In addition, all of the character formatting style attributes (see 2.2. ``Character styles'') may be specified for a paragraph style.

TIP -- To achieve ``hanging indentation'', use a negative value for FirstIndent.

NOTE -- If a series of successive paragraphs specify the same set of borders, the borders are drawn around the group as a whole unless the InnerBorders flag is specified.

2.4 Section styles

rtf:sectStyle id "description" -basedon styleid {
    param value
    ...
}

Defines a section style, which may be referenced by id in a later call to rtf:startSection.

PageWidth
PageHeight
Dimensions: width and height of the page for this section. Default taken from document formatting properties.
LeftMargin
RightMargin
TopMargin
BottomMargin
Dimension: left, right, top, and bottom page margins. Default taken from document formatting properties.
Landscape
Flag: if set, page orientation is landscape instead of portrait for this section.
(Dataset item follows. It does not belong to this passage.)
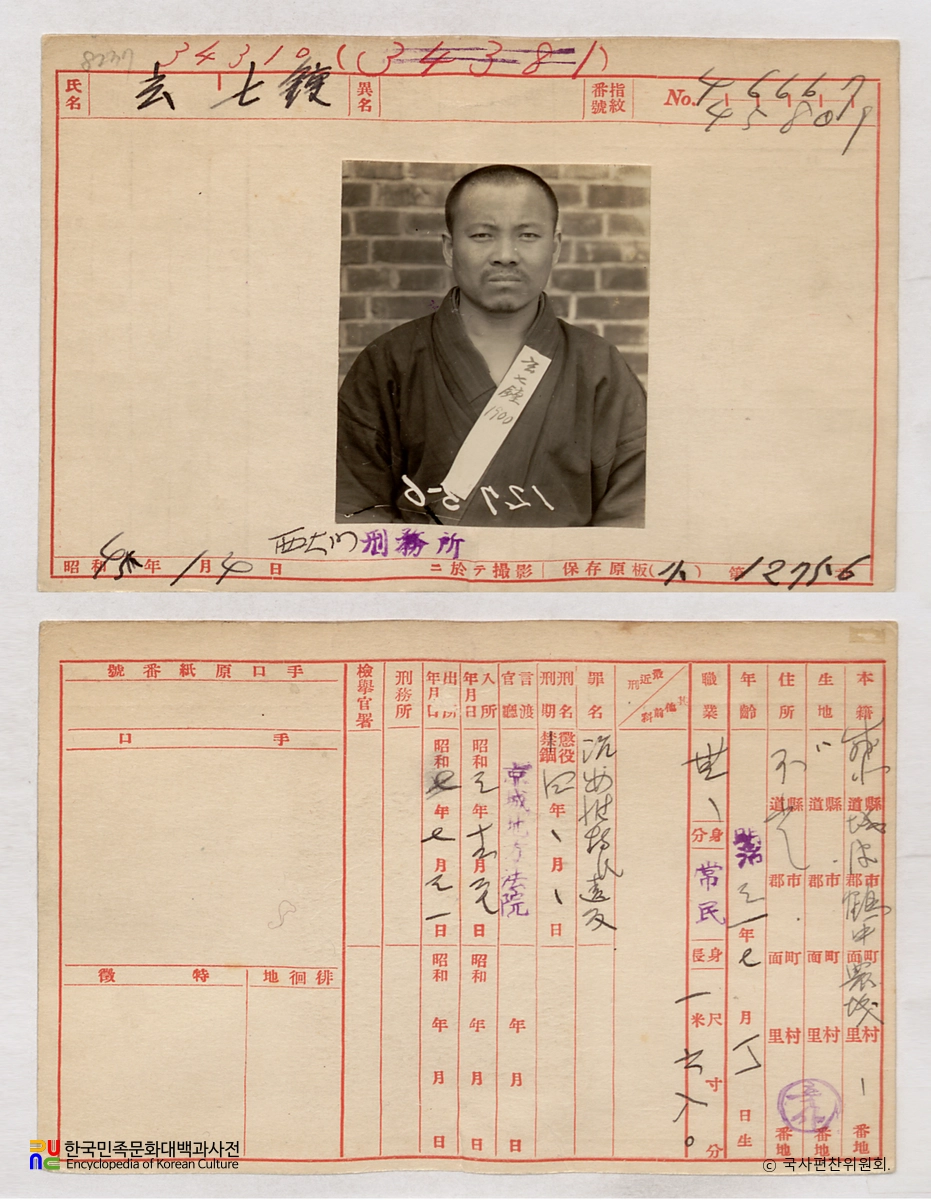 일제 주요감시대상 인물카드 현칠종 전후면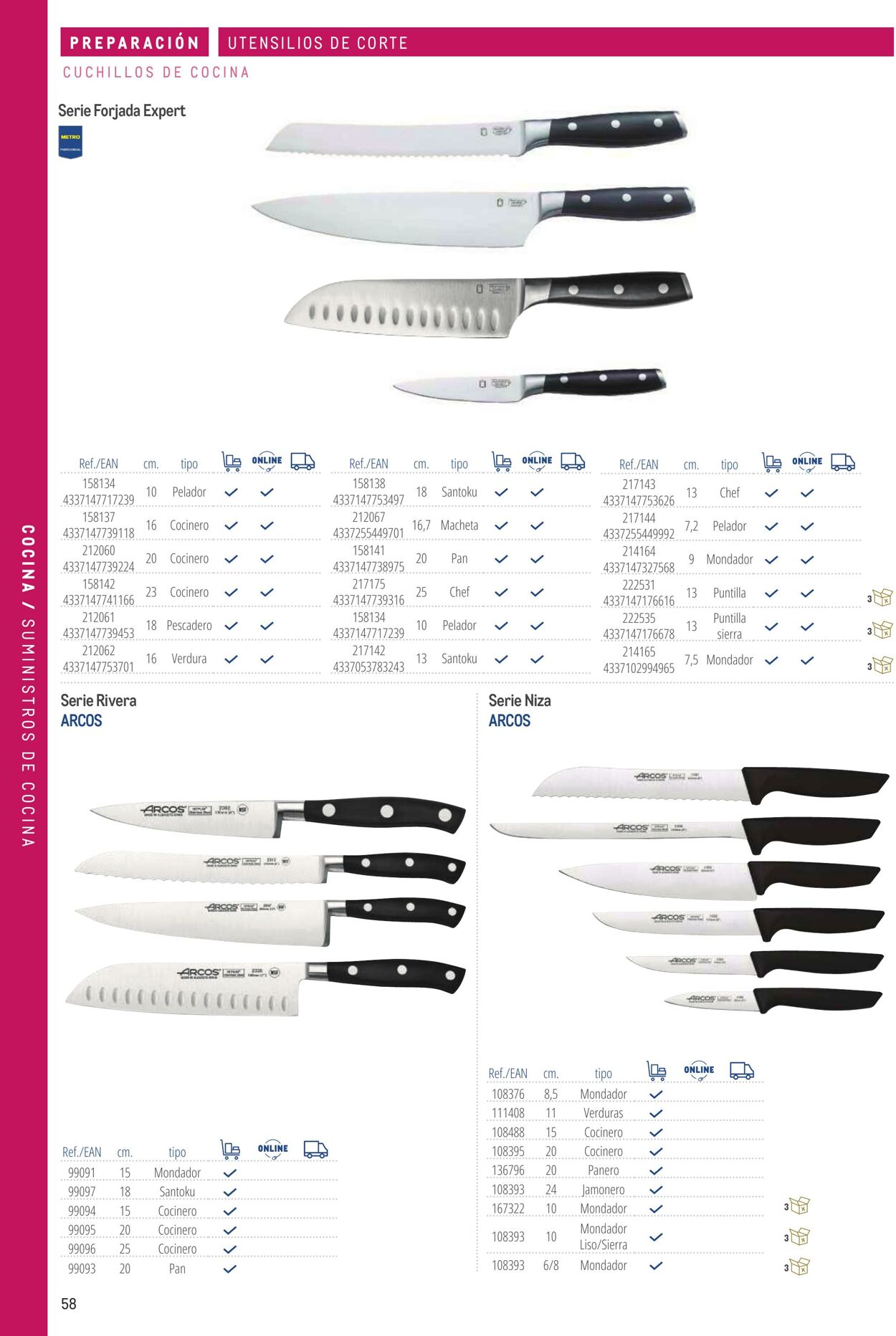 Folleto Makro 06.03.2026 - 13.03.2026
NOTE -- It is unclear how this affects the interpretation of the page size and margin control words.

HasTitlePage
Flag: if set, the first page of this section may use a different header and footer than the rest of the section. See 3.6. ``Page headers and footers''.
HeaderPosition
Dimension: Distance from the top of the page to the page header.
FooterPosition
Dimension: Distance from the botom of the page to the page footer.

NOTE -- It is unclear whether these specify distance to the top or the bottom of the header and footer.

SectionBreak
One of the following symbols:
None
No explicit page break before this section
Page
Section starts on a new page
EvenPage
Section starts on the next even-numbered page
OddPage
Section starts on the next odd-numbered page
VAlign
Specifies the vertical alignment of the text with respect to the page margins. One of the following symbolic values:
Top
Ragged-bottom pages, aligned with the top margin (default).
Justify
Text is set flush-bottom.
Middle
Text is centered between the top and bottom margins.
Bottom
Text is aligned with the bottom margin.
PageNumbering
Determines the format for the PageNumber special control word (see 3.3. ``Special characters''). One of Arabic, UCRoman, LCRoman, UCAlpha, or LCAlpha, for arabic (decimal), uppercase roman numerals, lowercase roman numerals, uppercase letters, and lowercase letters, respectively.
RestartPageNumbers
Boolean: if set, page numbering starts over at this section.
FirstPageNumber
Integer: starting page number for this section if RestartPageNumbers is set (1).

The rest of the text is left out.